Ardennes is an Estimation of Distribution Algorithm for performing decision-tree induction, as presented in the paper
CAGNINI, Henry E. L; BARROS, R. C; BASGALUPP, M. P. Estimation of Distribution Algorithms for Decision-Tree Induction. IEEE Congress on Evolutionary Computation (IEEE CEC 2017), San Sebastián, Spain, June 5-8, 2017.
If you find this code useful in your work, please cite it:
@inproceedings{cagnini2017ardennes,
author = {Henry E. L. Cagnini and
Rodrigo C. Barros and
M\'{a}rcio P. Basgalupp},
title = {{Estimation of Distribution Algorithms for Decision-Tree Induction}},
booktitle = {{IEEE} Congress on Evolutionary Computation, {CEC} 2017, San Sebastián, Spain, June 5-8, 2017},
year = {2017}
}
- Datasets with numerical predictive attributes;
- Categorical class attributes;
- Multiclass and binary problems;
- More types of datasets will be added in next updates.
This algorithm will only work:
- for datasets with class as the last attribute;
- for datasets with numerical predictive attributes, and categorical class attribute;
- only binary splits;
- Tested only on Ubuntu 16.04, but will probably work in any other SO once you figure out the corresponding libraries described in Installation.
Essential:
pip install networkx liac-arff numpy scikit-learn pandas scipy
For plotting trees and interpreting graphical models:
sudo apt-get install graphviz libgraphviz-dev pkg-config
pip install pygraphviz matplotlib plotly
For running j48 inside python:
sudo apt-get install default-jre default-jdk
pip install additional_packages/python-weka-wrapper-0.3.9.tar.gz
For parallel processing - greatly increases performance:
sudo apt-get install libffi-dev g++
sudo apt-get install ocl-icd-opencl-dev
pip install mako
Then follow instructions from https://wiki.tiker.net/PyOpenCL/Installation/Linux, or optionally:
NOTICE: If you use a virtual environment, you must activate it before running the following commands.
tar xfz additional_packages/pyopencl-2016.2.1.tar.gz
cd pyopencl-2016.2.1
python configure.py
sudo su -c "make install"
And you're done!
Your starting point should be by taking a look at the code located at the main.py
script. Once you figure out what it does (it is fairly simple to understand), you can call it from terminal:
python main.py
The expected output should be something like this:
NOTICE: Using single-threaded CPU as device.

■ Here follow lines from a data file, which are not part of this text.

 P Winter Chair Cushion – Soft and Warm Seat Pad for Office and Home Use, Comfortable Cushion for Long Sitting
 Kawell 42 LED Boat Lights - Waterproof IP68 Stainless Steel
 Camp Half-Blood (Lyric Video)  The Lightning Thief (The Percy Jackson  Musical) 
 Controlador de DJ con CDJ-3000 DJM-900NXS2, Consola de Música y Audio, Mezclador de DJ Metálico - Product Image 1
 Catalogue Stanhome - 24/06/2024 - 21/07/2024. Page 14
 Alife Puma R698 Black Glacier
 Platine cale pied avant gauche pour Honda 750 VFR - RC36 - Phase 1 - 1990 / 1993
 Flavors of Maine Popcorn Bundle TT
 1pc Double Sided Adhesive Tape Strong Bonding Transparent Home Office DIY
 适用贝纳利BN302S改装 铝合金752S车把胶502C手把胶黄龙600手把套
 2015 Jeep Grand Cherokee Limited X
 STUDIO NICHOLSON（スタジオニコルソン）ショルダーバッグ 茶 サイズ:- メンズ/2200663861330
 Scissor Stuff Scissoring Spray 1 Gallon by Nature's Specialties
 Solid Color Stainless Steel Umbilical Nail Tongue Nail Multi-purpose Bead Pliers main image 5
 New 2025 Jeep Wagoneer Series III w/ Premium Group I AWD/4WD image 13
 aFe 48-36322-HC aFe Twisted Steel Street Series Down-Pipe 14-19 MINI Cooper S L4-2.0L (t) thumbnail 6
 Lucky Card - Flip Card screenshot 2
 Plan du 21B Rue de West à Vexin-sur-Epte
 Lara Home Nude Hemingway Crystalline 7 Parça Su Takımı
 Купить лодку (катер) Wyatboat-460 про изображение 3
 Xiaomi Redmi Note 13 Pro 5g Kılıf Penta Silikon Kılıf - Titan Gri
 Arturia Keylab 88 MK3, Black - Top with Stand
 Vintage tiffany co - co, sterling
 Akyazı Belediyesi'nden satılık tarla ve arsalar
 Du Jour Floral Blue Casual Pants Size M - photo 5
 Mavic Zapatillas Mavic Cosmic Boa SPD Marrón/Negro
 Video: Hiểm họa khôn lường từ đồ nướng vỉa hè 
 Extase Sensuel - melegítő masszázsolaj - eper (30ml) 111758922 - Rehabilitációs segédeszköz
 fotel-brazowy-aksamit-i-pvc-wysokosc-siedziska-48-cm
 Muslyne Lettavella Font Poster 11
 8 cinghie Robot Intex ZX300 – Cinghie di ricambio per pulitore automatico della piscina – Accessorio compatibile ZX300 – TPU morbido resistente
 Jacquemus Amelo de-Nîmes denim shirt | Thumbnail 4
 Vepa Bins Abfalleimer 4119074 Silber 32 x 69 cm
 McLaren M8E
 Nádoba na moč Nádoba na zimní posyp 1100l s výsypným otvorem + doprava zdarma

training ardennes for dataset liver-disorders
iter: 000 mean: 0.690761 median: 0.688406 max: 0.818841 ET: 22.49sec height: 9 n_nodes: 45 test acc: 0.536232
iter: 001 mean: 0.674928 median: 0.692029 max: 0.818841 ET: 4.09sec height: 9 n_nodes: 45 test acc: 0.536232
...
iter: 099 mean: 0.730978 median: 0.789855 max: 0.818841 ET: 2.68sec height: 9 n_nodes: 27 test acc: 0.637681
Test acc: 0.64 Height: 9 n_nodes: 27 Time: 342.39 secs
- The first line (NOTICE: Using single-threaded CPU as device.) denotes which processor you are using to compute the splitting criterion and individual's fitness. Currently there are two possible processors: OpenCL and single-threaded CPU, which is obviously slower.
- The second line brings information about the dataset over which Ardennes is training.
- The rest of the output is explained as follows:
- iter: current iteration/generation
- mean: mean training accuracy in the current population
- median: median training accuracy in the current population
- max: maximum training accuracy in the current population
- ET: estimated time that this generation took to process
- height: height of the best individual in the current population
- n_nodes: number of nodes of the best individual in the current population
- test acc: test accuracy of the best individual in the current population. This information is not used during the evolutionary process; it is only displayed for clarity purposes, and is available if you pass a test set to Ardennes.
config.json
: Where you will input the algorithm parameters, such as number of individuals, number of iterations, decile and maximum tree height.main.py
: starting point for running the algorithm.evaluate.py
: the module which is called frommain.py
. It has several functions which perform holdout, cross-validation and such operations.treelib
: directory for the main Ardennes code.